JM-20 (3-ethoxycarbonyl-2-methyl-4-(2-nitrophenyl)-4,11-dihydro-1H-pyrido[2,3-b][1,5] benzodiazepine), is a novel hybrid molecule with a 1,5 benzodiazepine fraction covalently linked to a dihydropyridine ring, forming an innovative entity with proven multisite neuroprotective activity (Nunez-Figueredo et al., 2014a, 2015; Nunez-Figueredo et al., 2014b, c; Ramirez-Sanchez et al., 2015), that includes anti-excitotoxic and anti-Ca²⁺ effects (Nunez-Figueredo et al., 2014a), the reduction of vesicular glutamate uptake (Nunez-Figueredo et al., 2015), antioxidant and mitoprotective effects. Notably, this molecule reduced mortality, neurological and motor impairment in experimental models of ischemic stroke and Parkinson’s disease in rats (Fonseca-Fonseca et al., 2021, 2019) without amnesic or toxic effects (Nunez-Figueredo et al., 2014a, 2015; Nunez-Figueredo et al., 2014b, c; Ramirez-Sanchez et al., 2015). In addition, other pharmacological effects were detected as direct or indirect action of JM-20 in the complex scenery of the pathological models of memory impairment, like the inhibition of acetylcholinesterase enzyme (Wong-Guerra et al., 2019; Da Silva et al., 2020). Oral administration of JM-20 prevented memory impairment, in episodic memory and acquisition-consolidation processes against acute scopolamine treatment (Wong-Guerra et al., 2019). Previous results also suggest the anti-apoptotic effect of JM-20 (Ramirez-Sanchez et al., 2015; 2018) and further pieces of evidence are presented in this work that support this notion. Drawing from all these positive antecedents, we hypothesized that this molecule could revert and prevent neurotoxic chronic damage that involves more complex long-term mechanisms.
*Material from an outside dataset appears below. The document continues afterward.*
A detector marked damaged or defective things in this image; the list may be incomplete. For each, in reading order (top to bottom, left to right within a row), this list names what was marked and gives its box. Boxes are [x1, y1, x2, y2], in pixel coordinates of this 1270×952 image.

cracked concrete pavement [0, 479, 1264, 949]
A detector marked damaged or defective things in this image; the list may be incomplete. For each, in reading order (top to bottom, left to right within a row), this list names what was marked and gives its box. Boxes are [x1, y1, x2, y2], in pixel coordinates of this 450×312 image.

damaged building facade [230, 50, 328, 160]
Aluminum is a neurotoxic metal that contributes to the progression of several neurodegenerative diseases including AD by combining several mechanisms. Numerous investigations have shown that oral administration of aluminum to rodents recapitulates several pathologic mechanisms involved in AD including cognitive decline. The neurodegenerative effects involve mitochondrial dysfunction, oxidative stress, neuroinflammation and apoptosis (Drago et al., 2008; Sethi et al., 2008; Mesole et al., 2020). Apoptosis is a type of programmed cell death mediated by diverse molecules such as p21, p38, mitogen-activated protein kinase (MAPK), p53, caspases 2, 3, 8 and 9, BCL-XS and Bax apoptosis-inducing factors, Par-4 (prostate apoptosis response 4), while Bcl-XL and Bcl-2B (cell lymphoma/leukemia-2 protein) inhibit apoptosis by different mechanisms. Apoptosis is essential for normal homeostasis and elimination of dysfunctional cells, then the balance between the antagonistic effects of the proapoptotic and antiapoptotic members has been involved in the maintenance of the cell integrity. Particularly, mitochondria are cytoplasmic organelles that regulate both metabolic and intrinsic apoptotic signaling pathways; mitochondrial failure is associated with early events in the pathogenesis of aging-related neurodegenerative disorders (Leuner et al., 2007; Obulesu and Lakshmi, 2014). On the other side, neuroinflammation and TNF-α release, activate extrinsic apoptotic signaling pathways leading to neuronal cell loss and cognitive impairment (Elmore, 2007; Cantarella et al., 2015; Burgaletto et al., 2020).

Thus, the present study was designed to explore the impact of JM-20 on aluminum-induced memory impairment in rats. We hypothesized that treatment with JM-20 is capable of rescuing mitochondria from aluminum-induced neurotoxicity, preventing apoptotic signals that lead to neuronal death and thus preventing the impairment of multiple types of memory in this model.